Evaluation of Clarithromycin Resistance Among Iranian Helicobacter pylori Isolates by E-Test and Real-Time Polymerase Chain Reaction Methods

Mojdeh Hakemi Vala; Shirin Eyvazi; Hossein Goudarzi; Hamid Reza Sarie; Mehrdad Gholami

doi:10.5812/jjm.29839

Evaluation of Clarithromycin Resistance Among Iranian Helicobacter pylori Isolates by E-Test and Real-Time Polymerase Chain Reaction Methods

Jundishapur J Microbiol. 2016 Mar 19;9(5):e29839. doi: 10.5812/jjm.29839. eCollection 2016 May.

Authors

Mojdeh Hakemi Vala¹, Shirin Eyvazi², Hossein Goudarzi¹, Hamid Reza Sarie³, Mehrdad Gholami⁴

Affiliations

¹ Department of Microbiology, Faculty of Medicine, Shahid Beheshti University of Medical Sciences, Tehran, IR Iran.
² Department of Biotechnology, School of Advanced Technologies in Medicine, Shahid Beheshti University of Medical Sciences, Tehran, IR Iran.
³ Fayazbakhsh Hospital, Tehran, IR Iran.
⁴ Department of Microbiology, Faculty of Medicine, Iran University of Medical Sciences, Tehran, IR Iran.

Abstract

Background: Helicobacter pylori is an important pathogen of human gastric mucosa. Antibiotic resistance, especially resistance to clarithromycin is a major factor for treatment failure of H. pylori infections. The main mechanism of clarithromycin resistance in these bacteria is related to point mutations in three different locations of 23S rRNA gene.

Objectives: The aims of this study were to evaluate the resistance rate to clarithromycin among local H. pylori isolates by the E-test method and to determine the profile of point mutation in 23S rRNA by real-time polymerase chain reaction (PCR) method.

Patients and methods: Eighty biopsy samples were collected from dyspeptic patients by endoscopy during 2011 - 2012. All samples were homogenized immediately and cultured on supplemented brucella blood agar and incubated under microaerophilic conditions.

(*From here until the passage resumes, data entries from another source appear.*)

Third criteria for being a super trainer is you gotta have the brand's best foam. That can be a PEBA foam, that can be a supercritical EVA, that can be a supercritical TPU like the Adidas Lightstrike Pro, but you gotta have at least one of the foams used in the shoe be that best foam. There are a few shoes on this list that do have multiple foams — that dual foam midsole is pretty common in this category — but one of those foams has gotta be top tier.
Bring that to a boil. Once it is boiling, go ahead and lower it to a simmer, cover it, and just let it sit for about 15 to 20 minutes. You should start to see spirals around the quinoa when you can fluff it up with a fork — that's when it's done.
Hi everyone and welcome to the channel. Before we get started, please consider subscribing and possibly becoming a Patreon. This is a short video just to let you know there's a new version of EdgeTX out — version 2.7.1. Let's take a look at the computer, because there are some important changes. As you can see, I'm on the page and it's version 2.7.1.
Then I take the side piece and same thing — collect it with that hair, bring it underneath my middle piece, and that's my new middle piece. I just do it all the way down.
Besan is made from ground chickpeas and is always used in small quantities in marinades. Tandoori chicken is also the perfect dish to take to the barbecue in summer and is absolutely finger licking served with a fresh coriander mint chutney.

Further biochemical tests and ureC gene PCR was done for H. pylori confirmation. The H. pylori OC1096 strain was used as the control strain, simultaneously. Frequency of clarithromycin resistance was determined by the E-test method based on the clinical and laboratory standard institute (CLSI) standards. Point mutation profile was determined by real-time PCR and further analysis of melting curve, amplicon sequencing was done continuously.

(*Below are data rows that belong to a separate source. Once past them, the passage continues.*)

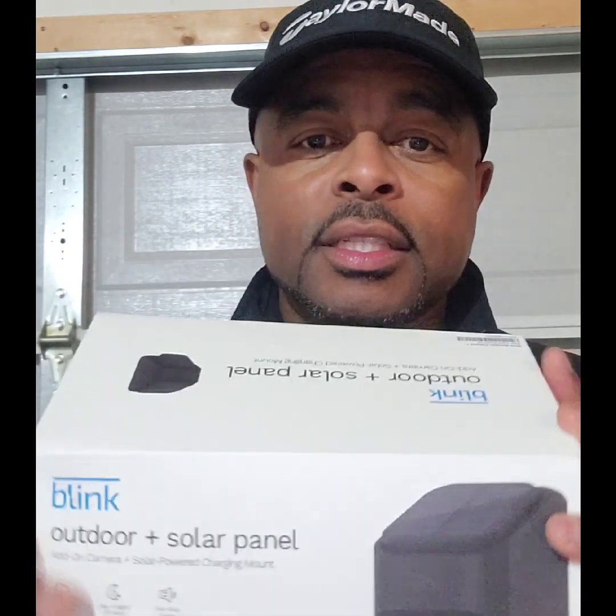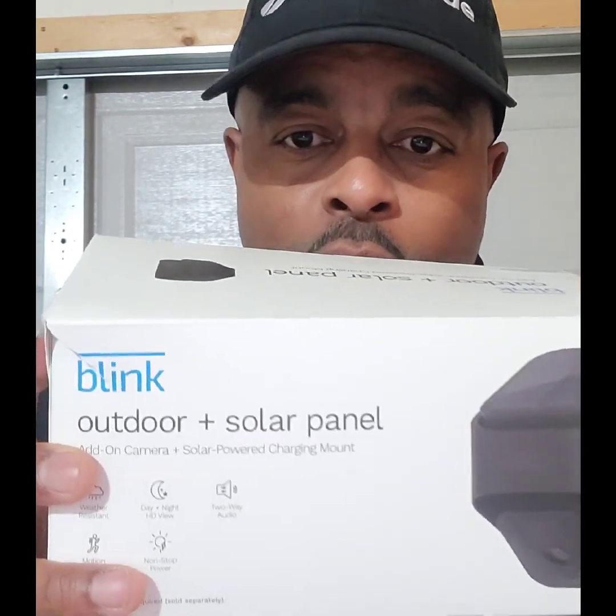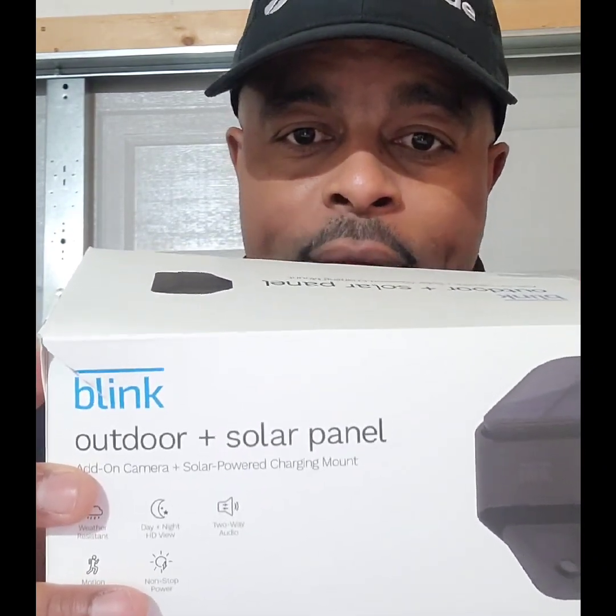Welcome back — hit that like button and subscribe. I'm coming back at you with another product review. Today I have the Blink Outdoor Solar Panel Security Kit. I've been shopping around for different security cameras and decided to take a shot on the Blink. I'm going to do an unboxing and give you my take on it, so let's get into it.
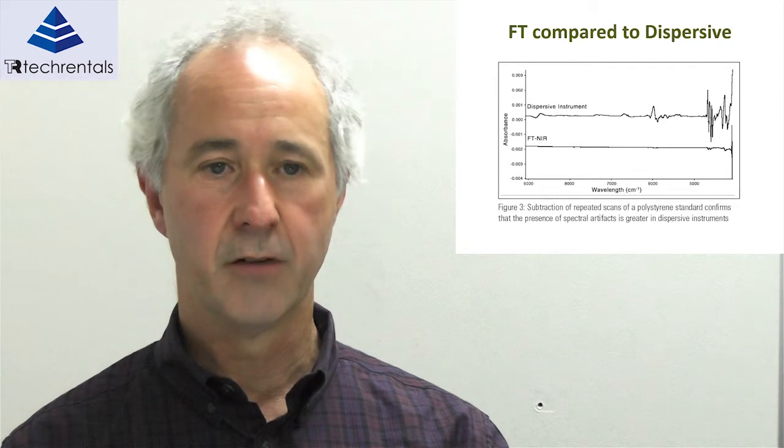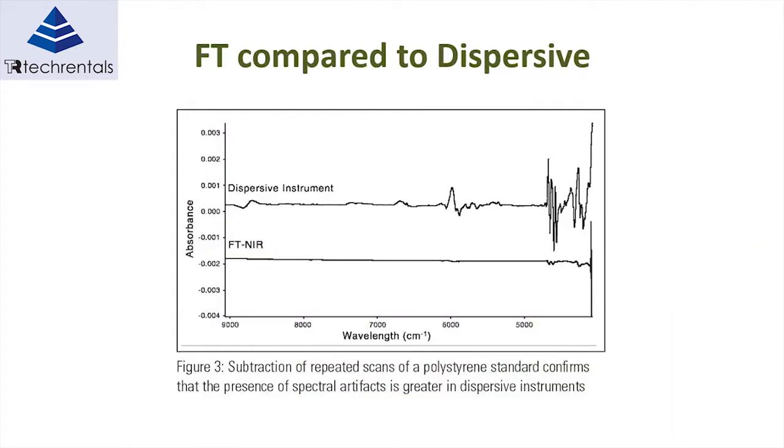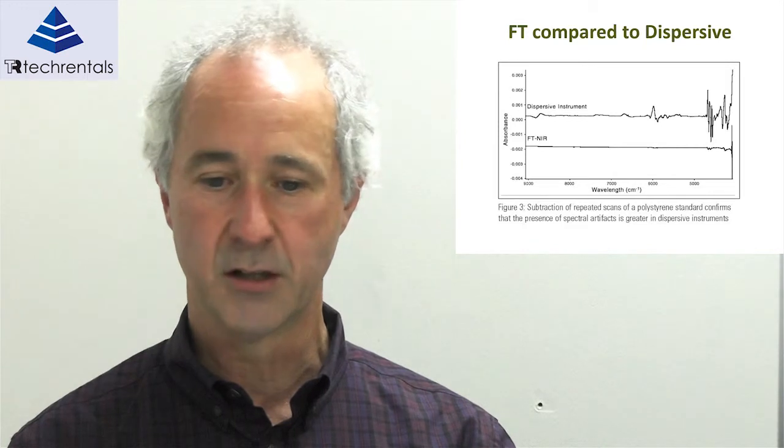Here's a comparison of an FT-NIR device versus a dispersive device. They've repeatedly taken samples against the same object — a standard polystyrene reflecting the source light. For the dispersive instrument, there's a certain spectral signature which is not reflective of the standard at all. If you continually measure the same signal and measure the deviation from the mean, in a perfect world you should get a straight line — and that's certainly not the case with the dispersive instrument. The FT-NIR is considerably better, though at longer wavelengths you do start to see a little bit of a signature.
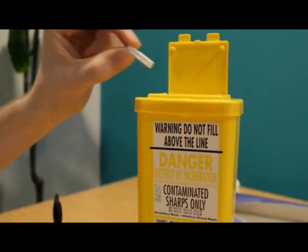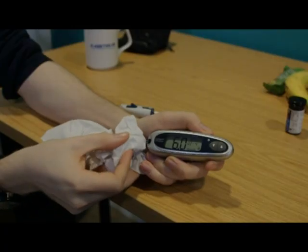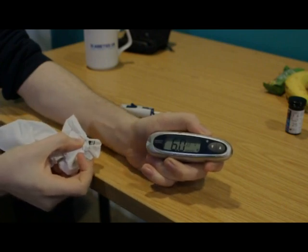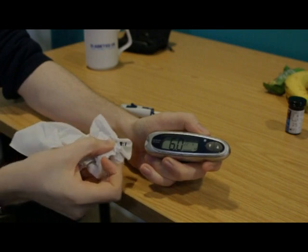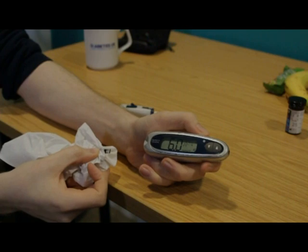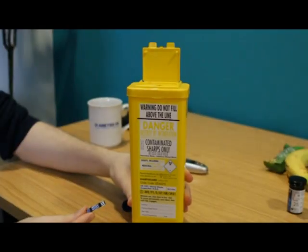Lancets should only be used once. Once the blood glucose reading on the meter is complete, use the tissue to grasp the test strip and pull it out of the meter — this usually turns the meter off. Dispose of the test strip safely, such as in a sharps bin.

Results: From 80 biopsy samples, 20 positive H. pylori isolates were detected and confirmed by biochemical tests and PCR method. Overall, 21.7% of the H. pylori isolates, showed clarithromycin resistance phenotype by use of the E-test. Also, the minimal inhibitory concentration of clarithromycin was determined as ≥ 0.5 mg/L by the E-test method. Only point mutation in the location of A2143G with melting temperature of 54.7°C was observed in all resistant isolates.

Conclusions: This study showed that the frequency of H. pylori clarithromycin resistance in Iran is relatively high. Since clarithromycin is not commonly used in Iran for H. pylori eradication, the high rate of resistance could be related to cross-reactivity between other macrolides. Therefore, macrolide antibiotics must be prescribed with precaution in any case of treatment other than H. pylori infections. All resistant isolates showed A2143G mutation in 23S rRNA as the dominant pattern of point mutation at least in Tehran H. pylori isolates.

Keywords: Clarithromycin; Helicobacter pylori; Real-Time Polymerase Chain Reaction.